Un rire discret s'échappe, contenu, puis il me dévisage de la tête aux pieds. Un sourire moqueur vient se dessiner sur ses lèvres rosées.

– C'est le discours d'une pirate que j'entends là.

Sans que j'en ai le contrôle, mon corps se crispe à cette appellation. La pire des insultes. Non, je ne suis pas une pirate. Je suis une navigatrice. Je déteste les pirates. Ce sont des personnes abominables, exactement comme lui l'était. Décontenancée, je tourne les talons et retourne vers ma seconde en pressant le pas. En partant, j'entends le rire musical de Whitley s'évaporer dans les airs, ne cachant pas sa fierté. La mâchoire serrée, j'ordonne à Zephyra de partir se reposer et elle n'y s'oppose pas.
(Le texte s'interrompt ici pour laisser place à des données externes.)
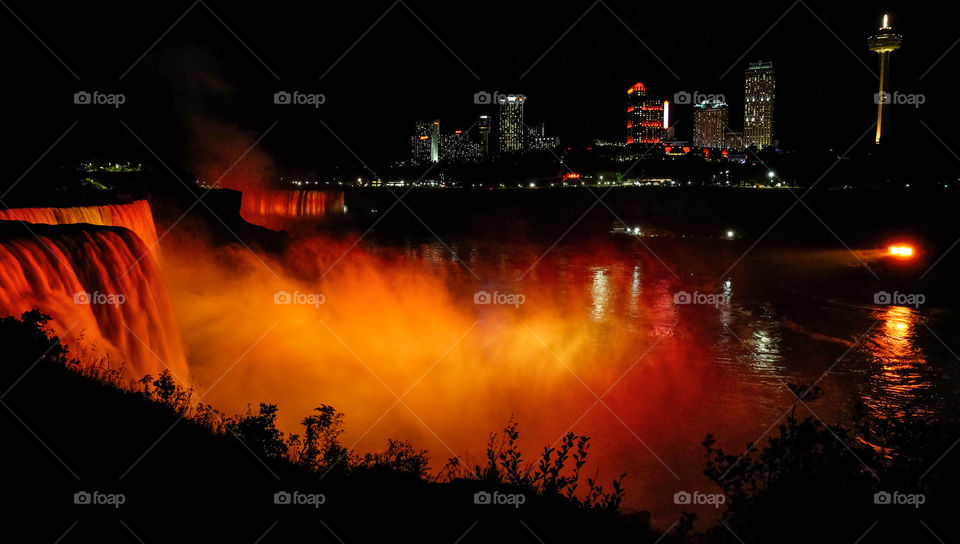 Evening light display at Niagara Falls (American side).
Je vais prendre mon tour de ronde comme tout le monde. J'ai besoin d'air et après cette réflexion désobligeante, je ne suis pas prête à m'endormir comme si de rien n'était. Ma réaction était celle qu'il attendait mais je ne pouvais pas contenir mon dégoût et feindre l'indifférence. Ma spontanéité l'emporte souvent sur ma logique. Si je suis un mystère pour lui, j'ai le regret de m'avouer qu'il est aussi pour moi. Le pirate est...Intrigant. S'il n'était pas aussi fermé, il pourrait m'apporter bien des choses. Cet homme a du pouvoir. Pourtant, son caractère de petit prince privilégié le rend détestable. Il est fier et sûr de lui. Et même dans les situations de crise comme celle-ci, il garde son calme. Qu'importe. Tout ceci n'a plus d'importance. Il ne m'a pas donné la carte, même sous la menace, alors il va devoir assumer la conséquence de ses actes.


* * *


La nuit fut courte. Je n'ai pas cessé de penser à cette situation : le roi des pirates sur mon navire qui ne pipe pas un mot sur l'emplacement de la carte. Bercée par les vagues, je souffle et saute de mon lit. Je passe près de la boîte en verre et laisse traîner quelques doigts le long de celle-ci, ce qui a le don d'agiter mes beaux serpents. Après une courte toilette, je m'habille de vêtements propres. J'asperge ma peau d'un doux parfum aux effluves de vanille. Voguer sur les mers n'a jamais été un frein à ma coquetterie. J'aime me parfumer et m'apprêter de beaux vêtements. Même si la plupart du temps, mes chemises finissent tachées du sang de mes ennemis. J'aime sentir bon et prendre soin de mon apparence. Je passe du temps à veiller à ce que mon visage soit impeccable en passant par mes mains mais aussi ma peau. Personne ne méfie d'une femme, encore moins d'une belle femme. Ce que j'aime par-dessus tout, c'est leur prouver qu'ils ont tort. Je rejoins Zephyra au gouvernail.

– Quand accostons-nous ?

– Dans quelques heures.

– Bien. Il...

Ma phrase reste en suspens alors que je fixe le mat avec insistance.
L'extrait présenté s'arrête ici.